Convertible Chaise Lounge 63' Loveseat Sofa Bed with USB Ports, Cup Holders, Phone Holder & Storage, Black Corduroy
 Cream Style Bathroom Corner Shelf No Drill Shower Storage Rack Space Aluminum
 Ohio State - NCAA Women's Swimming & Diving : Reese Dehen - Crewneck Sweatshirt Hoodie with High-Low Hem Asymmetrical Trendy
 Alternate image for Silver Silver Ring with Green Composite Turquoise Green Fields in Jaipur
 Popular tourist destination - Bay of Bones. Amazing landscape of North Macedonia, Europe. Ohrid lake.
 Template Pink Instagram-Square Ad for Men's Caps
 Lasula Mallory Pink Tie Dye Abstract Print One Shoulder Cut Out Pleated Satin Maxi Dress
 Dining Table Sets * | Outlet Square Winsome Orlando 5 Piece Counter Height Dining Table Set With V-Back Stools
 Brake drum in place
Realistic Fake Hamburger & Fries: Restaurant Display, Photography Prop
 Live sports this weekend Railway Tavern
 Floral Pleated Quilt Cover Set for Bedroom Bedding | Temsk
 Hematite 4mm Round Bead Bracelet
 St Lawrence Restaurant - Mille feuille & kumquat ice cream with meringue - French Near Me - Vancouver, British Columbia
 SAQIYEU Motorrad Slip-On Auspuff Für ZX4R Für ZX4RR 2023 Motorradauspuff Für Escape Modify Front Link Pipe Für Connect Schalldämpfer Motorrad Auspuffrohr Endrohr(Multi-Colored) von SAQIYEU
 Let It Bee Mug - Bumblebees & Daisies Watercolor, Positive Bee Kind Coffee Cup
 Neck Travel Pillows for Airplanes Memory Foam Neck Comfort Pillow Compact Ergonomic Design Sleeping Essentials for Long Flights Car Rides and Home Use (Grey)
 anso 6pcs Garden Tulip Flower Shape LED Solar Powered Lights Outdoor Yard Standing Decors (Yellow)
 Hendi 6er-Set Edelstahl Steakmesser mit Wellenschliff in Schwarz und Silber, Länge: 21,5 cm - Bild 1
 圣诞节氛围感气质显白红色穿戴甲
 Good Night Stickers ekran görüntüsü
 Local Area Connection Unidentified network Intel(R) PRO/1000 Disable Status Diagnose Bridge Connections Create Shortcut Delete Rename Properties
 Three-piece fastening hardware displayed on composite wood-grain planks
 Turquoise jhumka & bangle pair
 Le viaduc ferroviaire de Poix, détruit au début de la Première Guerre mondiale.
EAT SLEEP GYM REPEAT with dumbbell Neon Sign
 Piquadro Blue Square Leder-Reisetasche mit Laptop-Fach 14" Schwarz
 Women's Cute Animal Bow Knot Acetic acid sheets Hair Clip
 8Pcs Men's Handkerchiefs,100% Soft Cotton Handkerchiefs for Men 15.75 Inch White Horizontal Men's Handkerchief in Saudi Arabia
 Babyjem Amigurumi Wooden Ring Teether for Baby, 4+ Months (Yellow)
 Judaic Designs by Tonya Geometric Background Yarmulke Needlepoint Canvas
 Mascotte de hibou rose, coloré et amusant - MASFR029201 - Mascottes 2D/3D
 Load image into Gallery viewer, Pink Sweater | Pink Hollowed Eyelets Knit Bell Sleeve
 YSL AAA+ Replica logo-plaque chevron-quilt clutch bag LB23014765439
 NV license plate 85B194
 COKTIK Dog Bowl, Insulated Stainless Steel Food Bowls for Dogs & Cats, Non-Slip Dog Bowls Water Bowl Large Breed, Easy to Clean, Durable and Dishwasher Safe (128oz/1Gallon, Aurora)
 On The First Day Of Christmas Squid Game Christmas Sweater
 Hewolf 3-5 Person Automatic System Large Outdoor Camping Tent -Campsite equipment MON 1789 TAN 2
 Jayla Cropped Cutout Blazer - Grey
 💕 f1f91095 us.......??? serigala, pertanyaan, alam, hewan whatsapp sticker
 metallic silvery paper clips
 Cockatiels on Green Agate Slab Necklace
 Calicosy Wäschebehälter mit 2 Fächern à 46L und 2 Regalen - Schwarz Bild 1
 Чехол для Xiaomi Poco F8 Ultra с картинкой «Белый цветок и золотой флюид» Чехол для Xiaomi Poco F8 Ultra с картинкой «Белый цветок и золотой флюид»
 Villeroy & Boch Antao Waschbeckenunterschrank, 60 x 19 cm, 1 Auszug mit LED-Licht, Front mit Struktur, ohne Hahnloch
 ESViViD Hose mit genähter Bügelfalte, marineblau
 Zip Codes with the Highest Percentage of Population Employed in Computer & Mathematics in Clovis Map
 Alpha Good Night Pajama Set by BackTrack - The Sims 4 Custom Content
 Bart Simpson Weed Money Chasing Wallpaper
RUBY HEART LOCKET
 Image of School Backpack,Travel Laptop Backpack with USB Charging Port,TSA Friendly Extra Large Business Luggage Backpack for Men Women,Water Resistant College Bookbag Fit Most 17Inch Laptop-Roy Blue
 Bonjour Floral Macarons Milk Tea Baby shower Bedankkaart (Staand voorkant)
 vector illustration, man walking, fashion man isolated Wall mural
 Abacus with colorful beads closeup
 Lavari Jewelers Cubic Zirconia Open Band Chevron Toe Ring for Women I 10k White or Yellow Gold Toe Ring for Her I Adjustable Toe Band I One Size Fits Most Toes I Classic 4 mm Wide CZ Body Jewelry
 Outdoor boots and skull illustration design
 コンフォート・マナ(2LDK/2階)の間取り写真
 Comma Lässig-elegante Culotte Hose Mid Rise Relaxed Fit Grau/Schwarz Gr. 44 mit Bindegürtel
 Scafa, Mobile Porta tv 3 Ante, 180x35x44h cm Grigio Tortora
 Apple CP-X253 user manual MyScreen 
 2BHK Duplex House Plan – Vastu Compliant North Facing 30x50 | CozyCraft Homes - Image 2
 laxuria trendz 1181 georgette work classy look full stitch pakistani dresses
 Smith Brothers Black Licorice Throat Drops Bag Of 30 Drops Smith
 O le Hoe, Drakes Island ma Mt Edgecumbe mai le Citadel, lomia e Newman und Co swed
——————
_WORK REQUEST_: Retype only the lines above between the line with "Hematite 4mm Round Bead Bracelet" and the line with "SAQIYEU Motorrad Slip-On", counting those two lines as well, and keep every character as it is.

_RESULT_:
 Hematite 4mm Round Bead Bracelet
 St Lawrence Restaurant - Mille feuille & kumquat ice cream with meringue - French Near Me - Vancouver, British Columbia
 SAQIYEU Motorrad Slip-On Auspuff Für ZX4R Für ZX4RR 2023 Motorradauspuff Für Escape Modify Front Link Pipe Für Connect Schalldämpfer Motorrad Auspuffrohr Endrohr(Multi-Colored) von SAQIYEU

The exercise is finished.